:: GIVEN INFORMATION ::
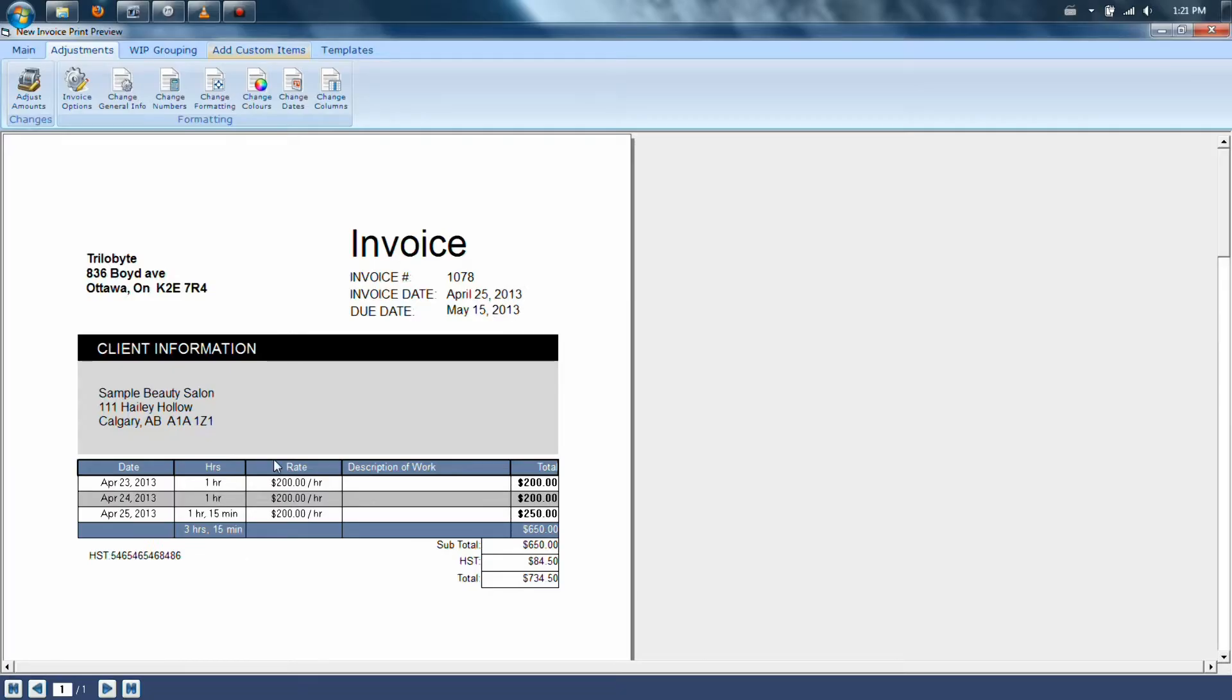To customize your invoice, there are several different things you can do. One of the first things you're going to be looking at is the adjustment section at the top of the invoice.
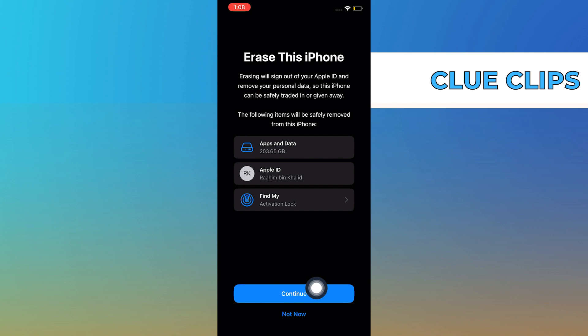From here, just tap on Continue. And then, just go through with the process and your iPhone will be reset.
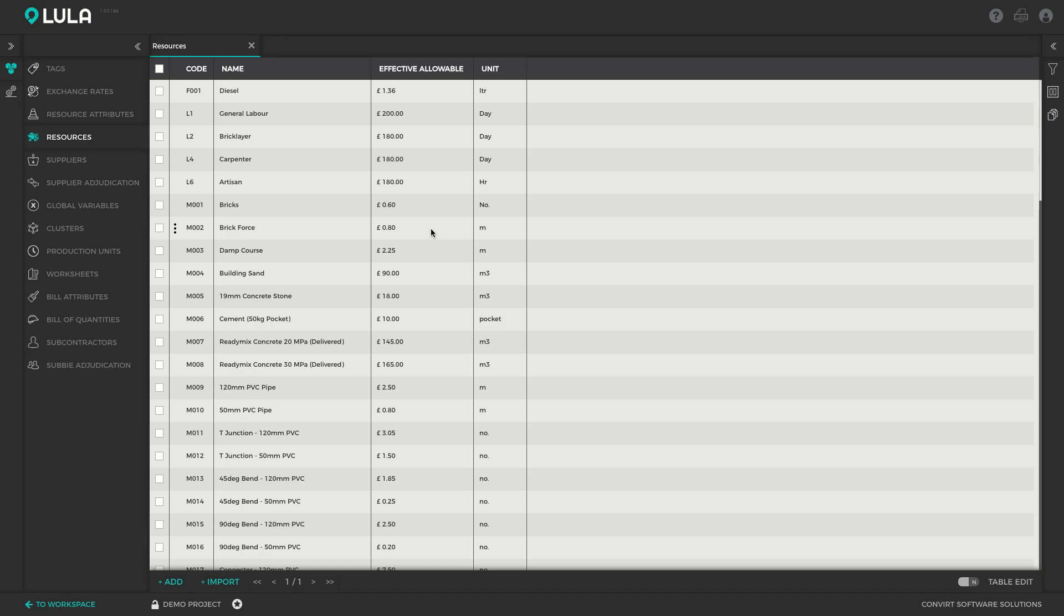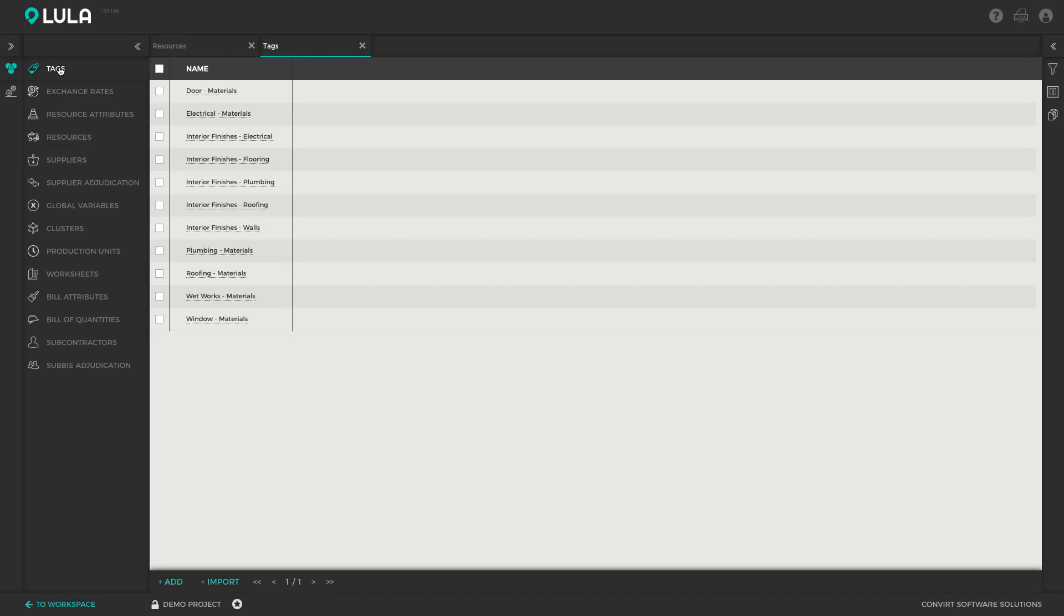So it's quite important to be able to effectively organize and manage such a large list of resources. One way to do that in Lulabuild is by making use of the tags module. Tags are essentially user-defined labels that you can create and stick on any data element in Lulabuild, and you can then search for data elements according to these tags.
:::
→ ASSIGNED TASK:
An exact, picture-free copy of the listing above is the goal; write it out now.

→ ANSWER TO THIS PROBLEM:
To customize your invoice, there are several different things you can do. One of the first things you're going to be looking at is the adjustment section at the top of the invoice.
From here, just tap on Continue. And then, just go through with the process and your iPhone will be reset.
So it's quite important to be able to effectively organize and manage such a large list of resources. One way to do that in Lulabuild is by making use of the tags module. Tags are essentially user-defined labels that you can create and stick on any data element in Lulabuild, and you can then search for data elements according to these tags.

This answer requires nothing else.